SQL Server Performance

Query optimization issue : limit affected rows

Discussion in 'SQL Server 2005 Performance Tuning for DBAs' started by johnny_crash, Jul 10, 2007.

  1. johnny_crash New Member

    Hello all

    I have a query optimization problem, if anyone can help me.
    I have an application that periodically scans a database, but it only needs to look at the last 1000 rows, and not all database.

    I mention that my dabase is huge - this specific query i am trying to optimize joins 2 tables, with 4 million rows each

    So, my question is how can i apply my query to only the last rows from database, in the best way? I mention that i have tryed with

    select ... from (select top 100 * from X order by ... DESC) .... where ...

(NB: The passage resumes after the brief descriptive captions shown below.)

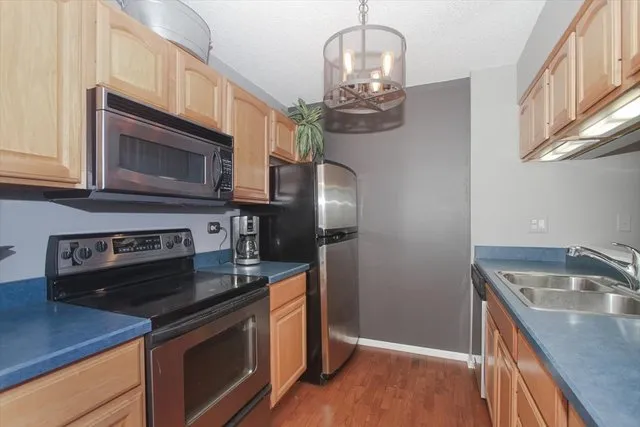 $2,850 | 511 Aurora Avenue, Unit 416, Naperville, IL 60540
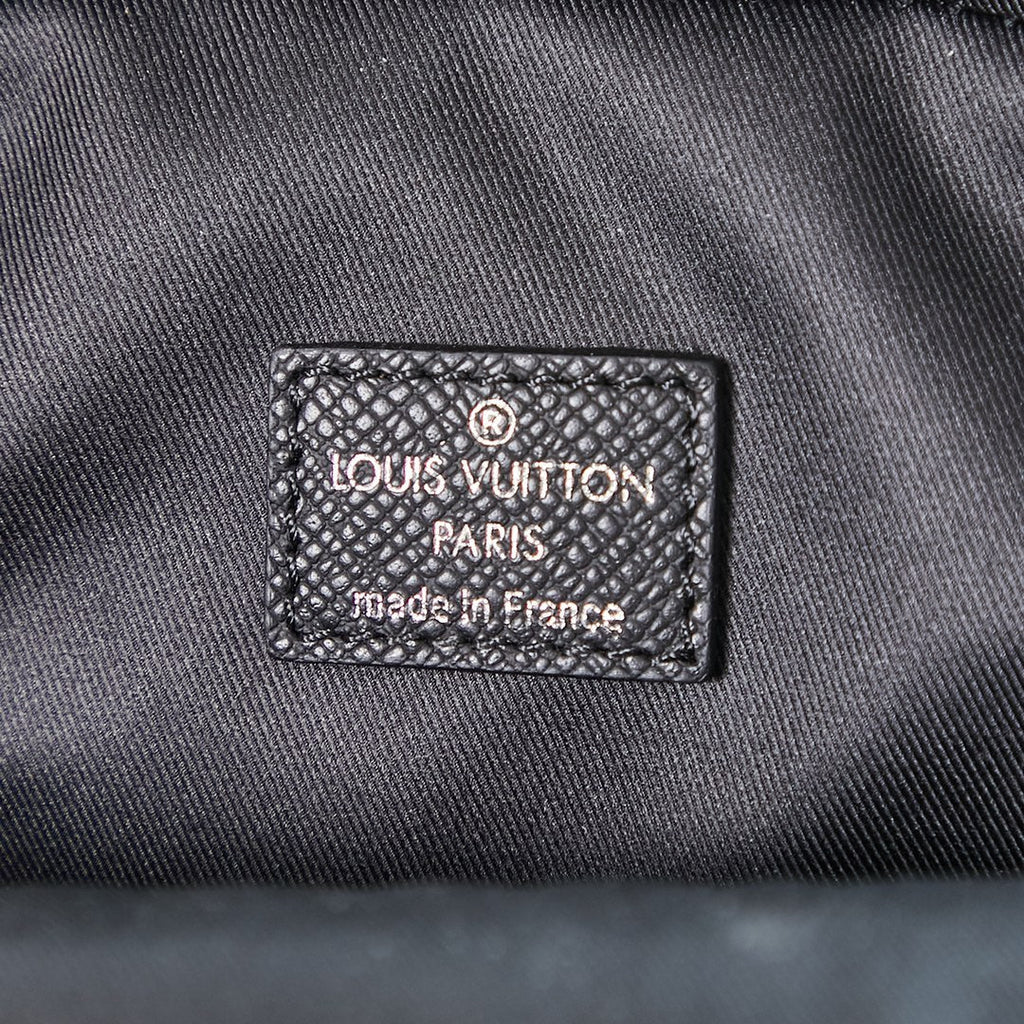 AVENUE SLINGBAG 31 IN BLACK TAIGA LEATHER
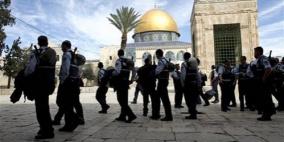مستوطنون ومجموعة من كبار حاخامات معهد الهيكل يقتحمون الأقصى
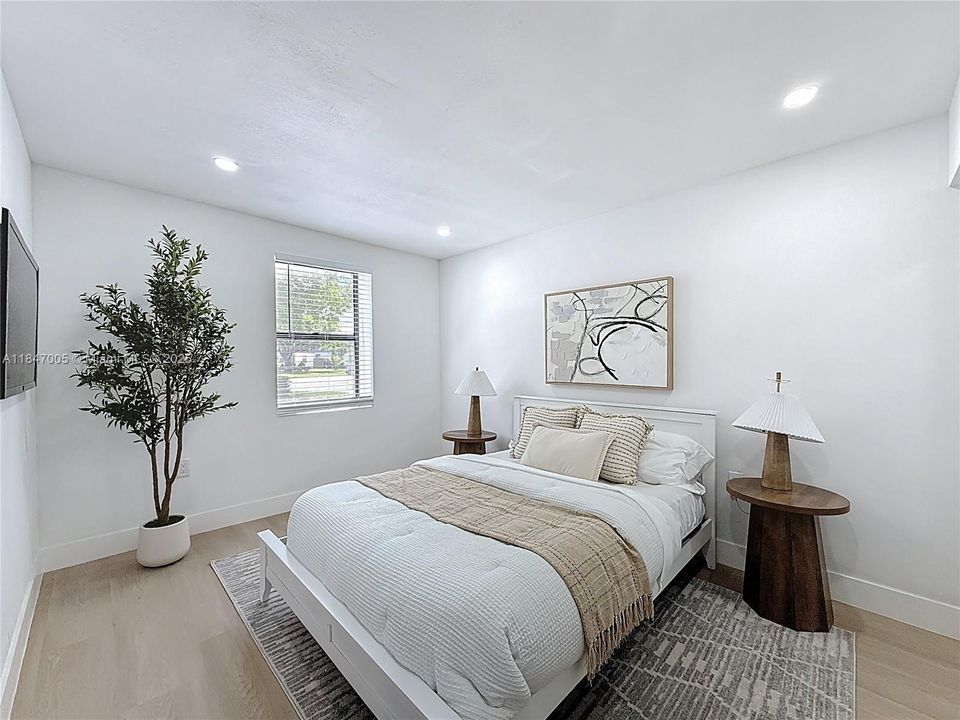 Vendido Recientemente: $369,000 (4 camas, 2 baños, 936 Pies cuadrados)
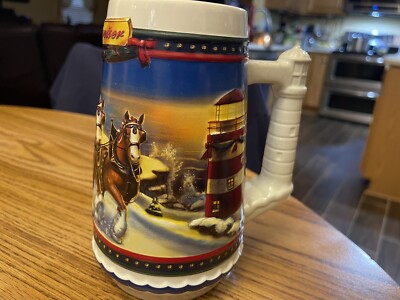 Vintage 2002 BUDWEISER HOLIDAY CERAMIC STEIN Guiding The Way Home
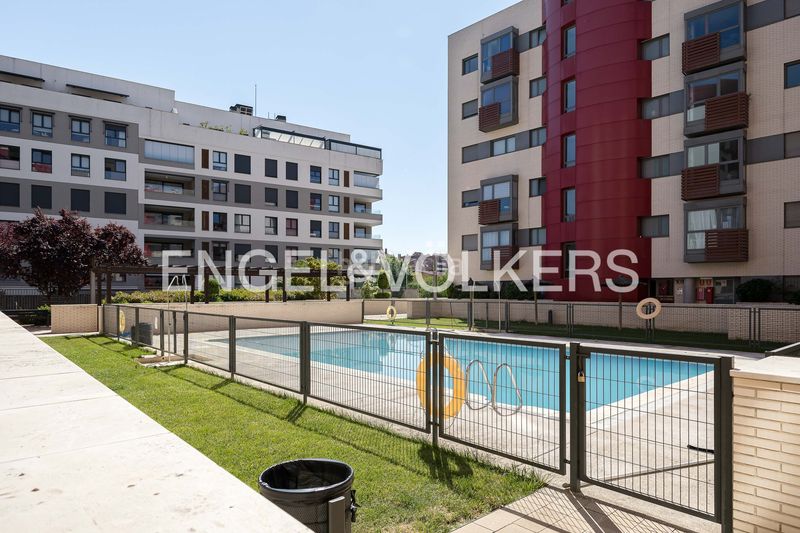 Foto ef9acfaa-c8a4-4d22-a6d1-49c89915c7e0. Pis amb calefacció aparcament piscina a Sanchinarro Madrid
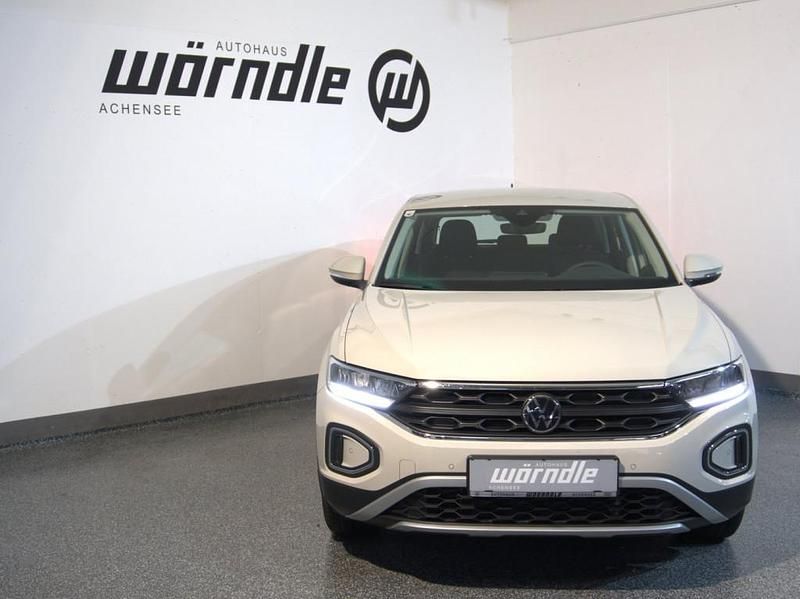 Gebraucht VW T-Roc 116 PS (85 kW) 2024 Grau SUV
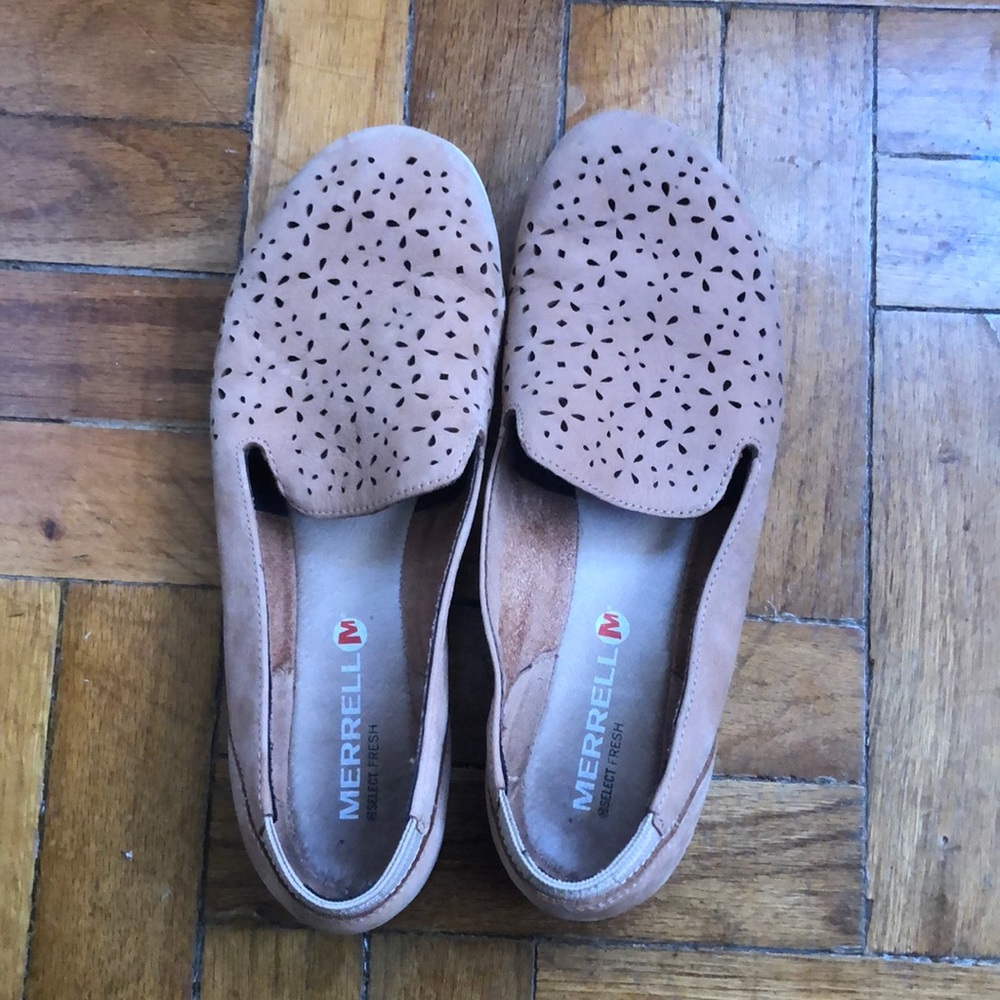 Merrell Size 7 Beige Leather Casual Flats with Cutouts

    By looking at statistics, i haven't noticed a performance increase, but contrary - a performance DECREASE.

    Any help would be apreciated
    Best regards,
    Johnny
  2. johnny_crash New Member

    forgot to tell :
    i am using microsoft sql 2005
  3. satya Moderator

    I feel thathttp://sqlserver-qa.net/blogs/perft...erver-2005-high-cpu-occurrence-why-it-is.aspx &http://sqlserver-qa.net/blogs/perft...shoot-slow-running-queries-in-sql-server.aspx are starting ones to see where it is lacking the performance.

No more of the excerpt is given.